The WatchGuard Threat Lab recently identified an ongoing infection while onboarding a new customer. By the time we arrived, the threat actor had already been on the victim’s network for some time thanks to compromising at least one local account and one domain account with administrative permissions. Our team was not able to identify how exactly the threat actor obtained the credentials, or how long they had been present on the network, but as soon as our threat hunting services were turned on, indicators immediately lit up identifying the breach.
In this attack, the threat actors used a combination of Visual Basic Scripts and two popular PowerShell toolkits – PowerSploit and Cobalt Strike – to map out the victim’s network and launch malware. One behavior we saw came from Cobalt Strike’s shell code decoder enabled the threat actors to download malicious commands, load them into memory, and execute them directly from there, without the code ever touching the victim’s hard drive. These fileless malware attacks can range from difficult to impossible to detect with traditional endpoint anti-malware engines that rely on scanning files to identify threats.
Elsewhere on the network our team saw the threat actors using PsExec, a built in Windows tool, to launch a remote access trojan with SYSTEM-level privileges thanks to the compromised domain admin credentials. The team also identified the threat actors attempts to exfiltrate sensitive data to a DropBox account using a command-line based cloud storage management tool.
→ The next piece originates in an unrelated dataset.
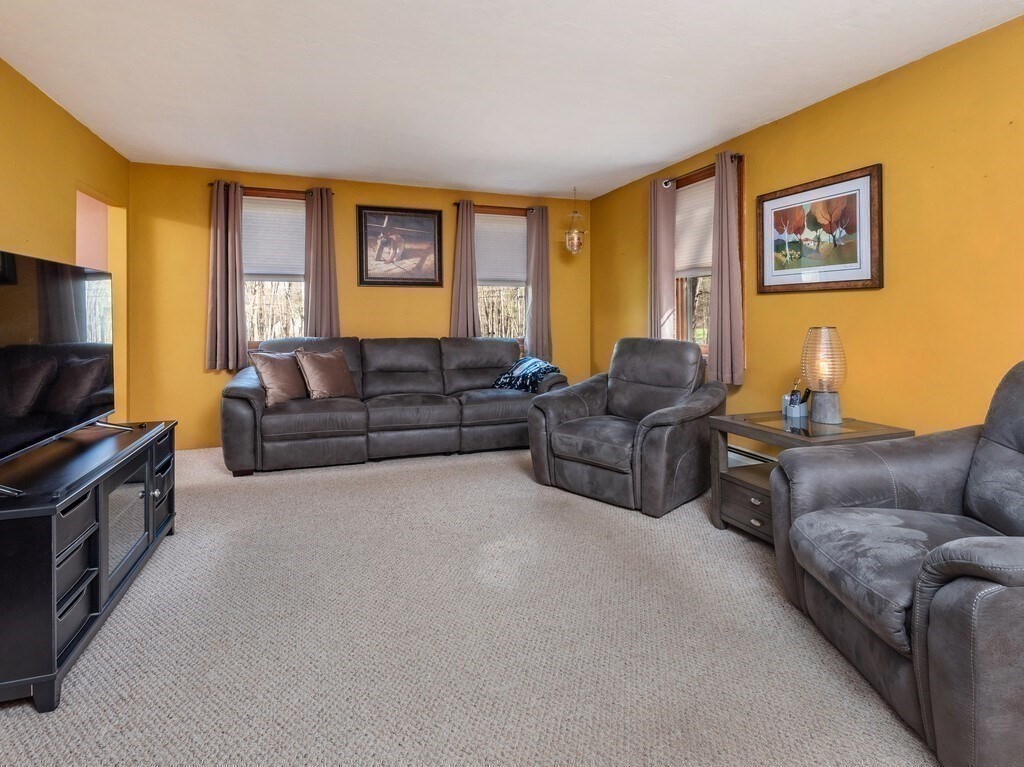 3 Hammond Street, Leicester, MA Photo #14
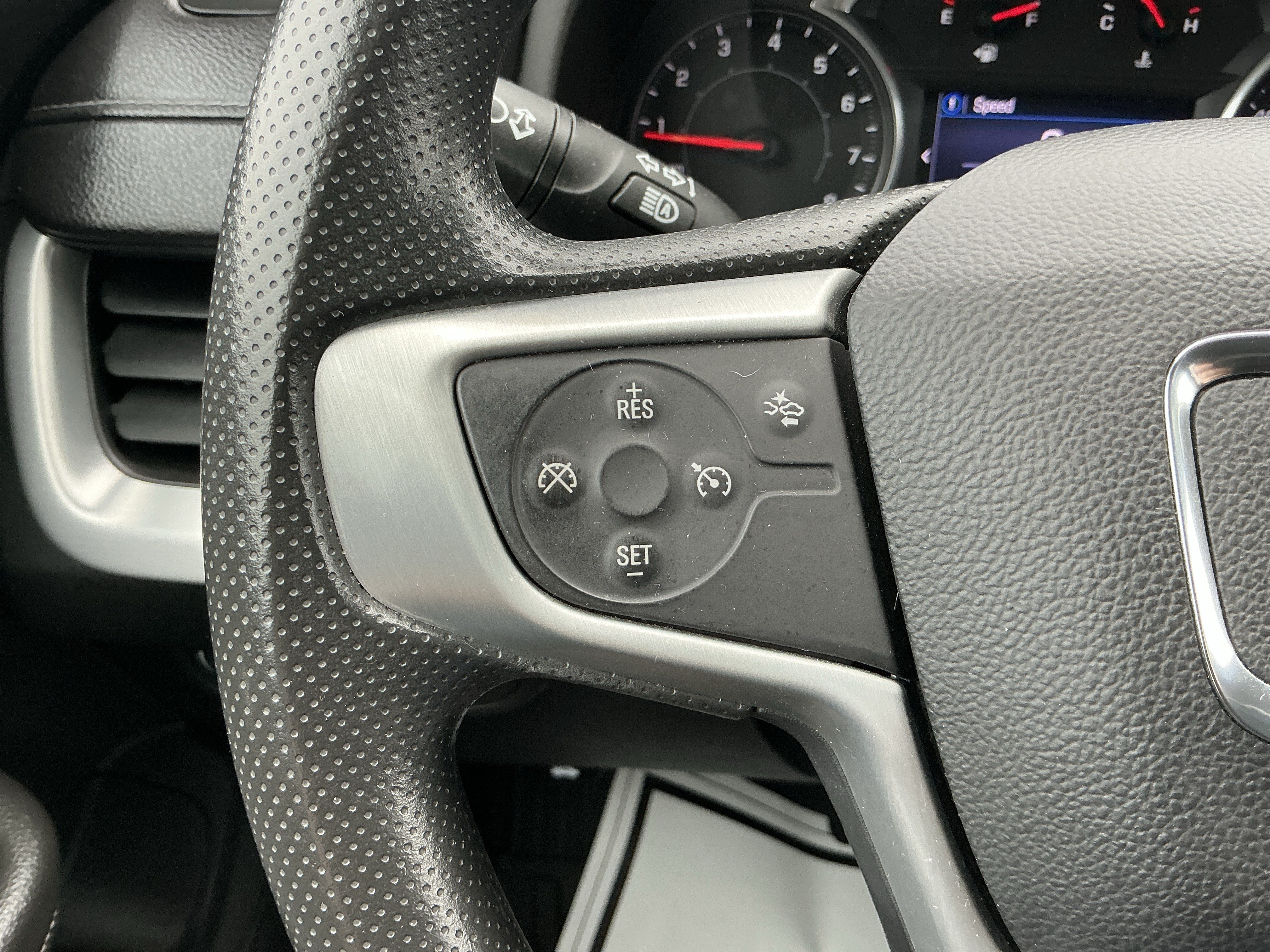 Used 2022 GMC Terrain SLE w/ Driver Convenience Package AWD/4WD image 17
Fortunately, they were able to identify and clean up the malware quickly. However, without the victim changing the stolen credentials, the attacker could have likely re-initiated their attack at-will. Had the victim deployed an advanced Endpoint Detection and Response (EDR) engine as part of their layered security strategy, they could have stopped or slowed the damage created from those stolen credentials.
Attackers are targeting businesses indiscriminately, even small organizations. Relying on a single layer of protection simply no longer works to keep a business secure. No matter the size of an organization, it’s important to adopt a layered security approach that can detect and stop modern endpoint attacks. This means protections from the perimeter down to the endpoint, including user training in the middle. And, don’t forget about the role of multifactor authentication (MFA) – could be the difference between stopping an attack and becoming another breach statistic.